### SOURCE DATA

^^^^

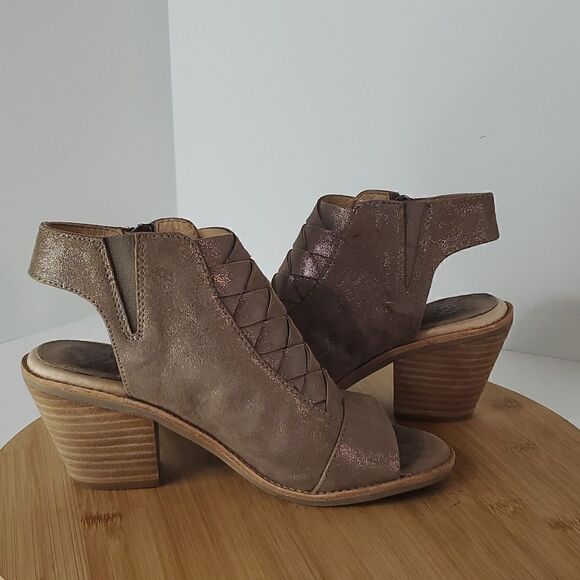 Soft McKenna Metallic Braided Peep Toe Leather Comfort Heeled Sandals US Size 6M - Picture 6 of 10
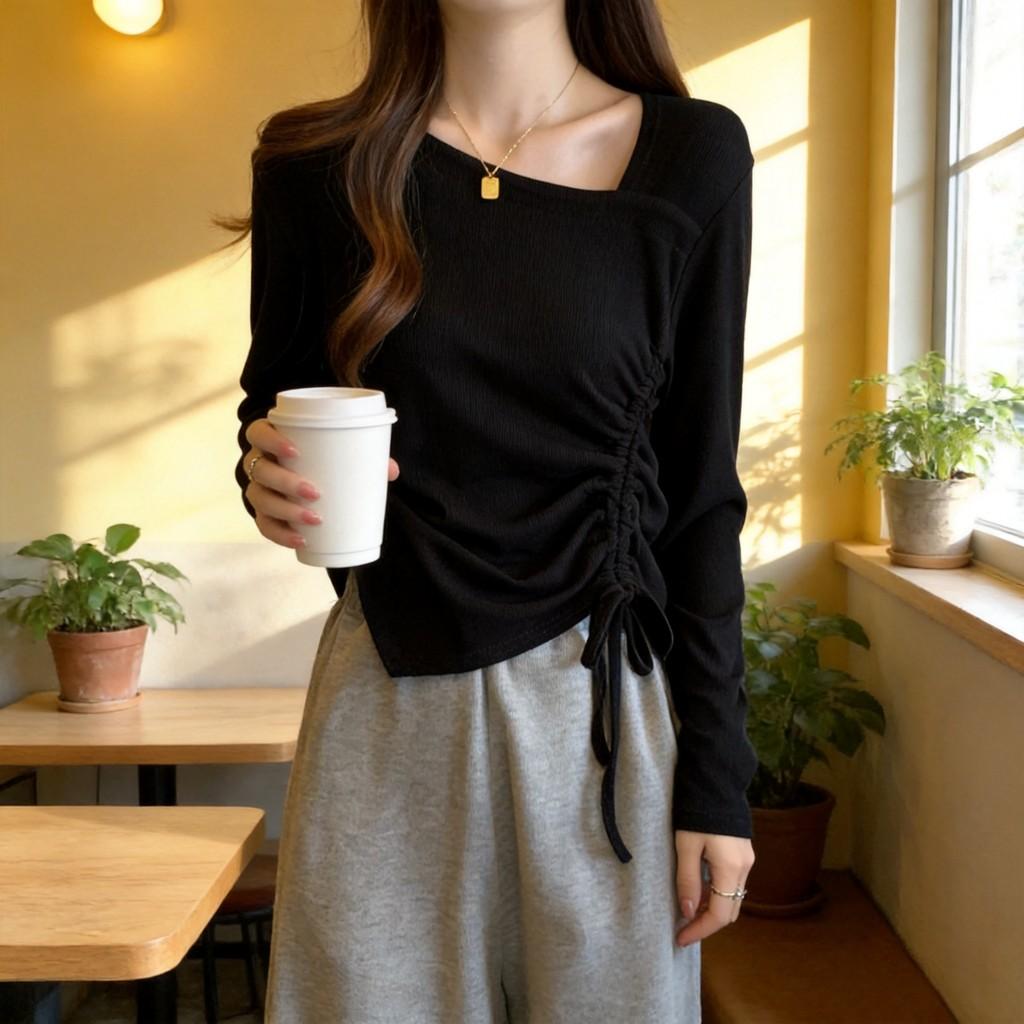 Elegant Plus Size T Shirt With Pleated Design For Casual And Office Wear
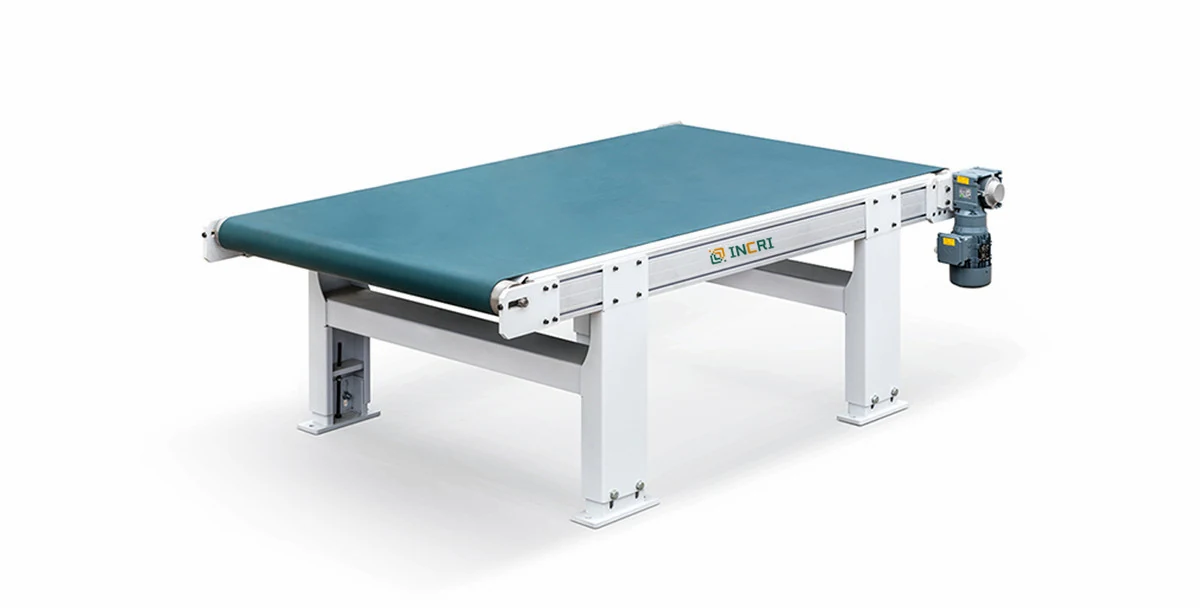 Flat belt series belt conveyor Belt conveyor machine, front view on the assembly floor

^^^^

### WHAT YOU ARE ASKED TO DO
Line by line, reproduce the material above exactly, leaving each picture out.

### RESPONSE BELOW
 Soft McKenna Metallic Braided Peep Toe Leather Comfort Heeled Sandals US Size 6M - Picture 6 of 10
 Elegant Plus Size T Shirt With Pleated Design For Casual And Office Wear
 Flat belt series belt conveyor Belt conveyor machine, front view on the assembly floor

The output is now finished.